1. Gibraltar is situated at the southern-most tip of the
Iberian peninsula. It is just over six square kilometres in area
and has a population of around 30,000 persons. The indigenous
Gibraltarian population itself numbers some 20,000 persons.
2. Gibraltar has been a British colony ever since it was taken
by Britain in 1704. In 1713, Britain and Spain signed the Treaty
of Utrecht which ceded Gibraltar to Britain in perpetuity.
3. Throughout the 18th and 19th centuries, a civilian
population grew from a mix of nationalities and religions.
4. It was in the earlier part of this century that the local
population first sought and exercised political participation in
the affairs of the country. It was during the post-war era that
the Gibraltarians strongly reasserted their identity as a people
in their struggle for a self government and self determination.
The outbreak of the Second World War resulted in the evacuation
of the civilian population to London, Northern Ireland, Jamaica
and Madeira to allow for the fortification of the military base.
The ending of the War saw the emergence of the Association for
the Advancement of Civil Rights, initially, to ensure the
repatriation of the population back to their homeland.
Repatriation began in 1944 and was completed several years later
due to accommodation problems. This was followed by the demand
for greater selfgovernment. The City Council was reconstituted
in 1945 for the first time with an elected majority.

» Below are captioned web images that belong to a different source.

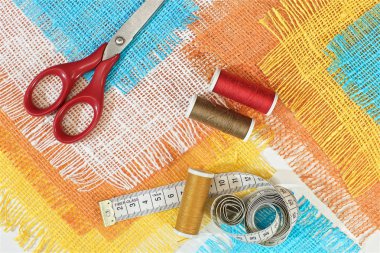 masaüzerinde çok renkli, pürüzlü pamuklu kumaş, iğne işi için alet ve iplikler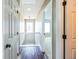 Hallway with wood floors leading to bedrooms and featuring white trim, doors, and a chandelier at 109 Walnut Creek Rd, Charleston, SC 29414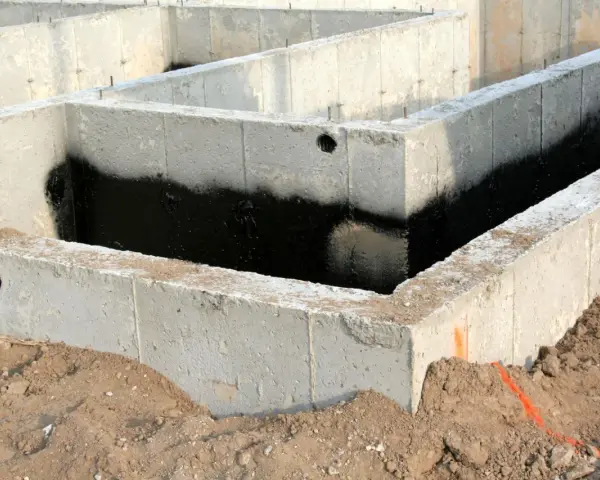Surowe ściany fundamentowe z betonu, częściowo pokryte czarną izolacją przeciwwilgociową, otoczone ziemią.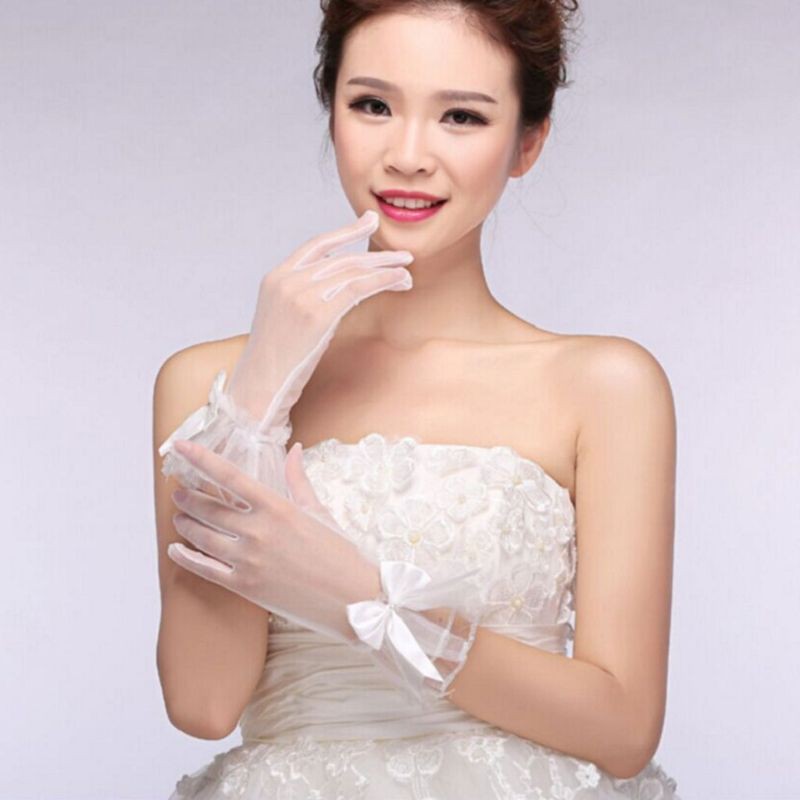 Găng tay màu trắng đính nơ quý phái dành cho nữ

The Governor's monopoly of legislative authority ended in 1950 with
the formation of a Legislative Council. Under the 1969
Constitution, both the Legislative and City Councils were merged
to form the House of Assembly. Gibraltar obtained a large
measure of self-government under its new Constitution. All
domestic affairs became the responsibility of the elected
Gibraltar Government. The United Kingdom retained responsibility
for defence, internal security and external affairs.
5. The evacuation, repatriation and resettlement of the people
of Gibraltar marked an important turning point in the struggle
for increasing self government. The isolation experienced
throughout the 1960s, 1970s and part of the 1980s with the
imposition of land, sea and air restrictions by Spain forged the
Gibraltarians' sense of identity as a people. There has been no
clearer nor unequivocal manifestation of this than the massive
16,000 strong turnout of the population to celebrate Gibraltar's
first ever National Day. The call for self-determination is now
unstoppable. (see Annex 1)
B. The economy in brief.
6. Gibraltar's GDP was around GBP 300m in 1992, or GBP 10,200 per
capita. The main sectors of the economy are banking and
financial services, tourism, ship repairing, shipping, port
services and trade generally. The military sector which up to
the earlier part of the 1980s accounted for around 45% of GDP and
35% of employment has declined sharply and now accounts for just
under 10%. (see Annex 2). This contribution is expected to fall
further to below 5% within the next few years.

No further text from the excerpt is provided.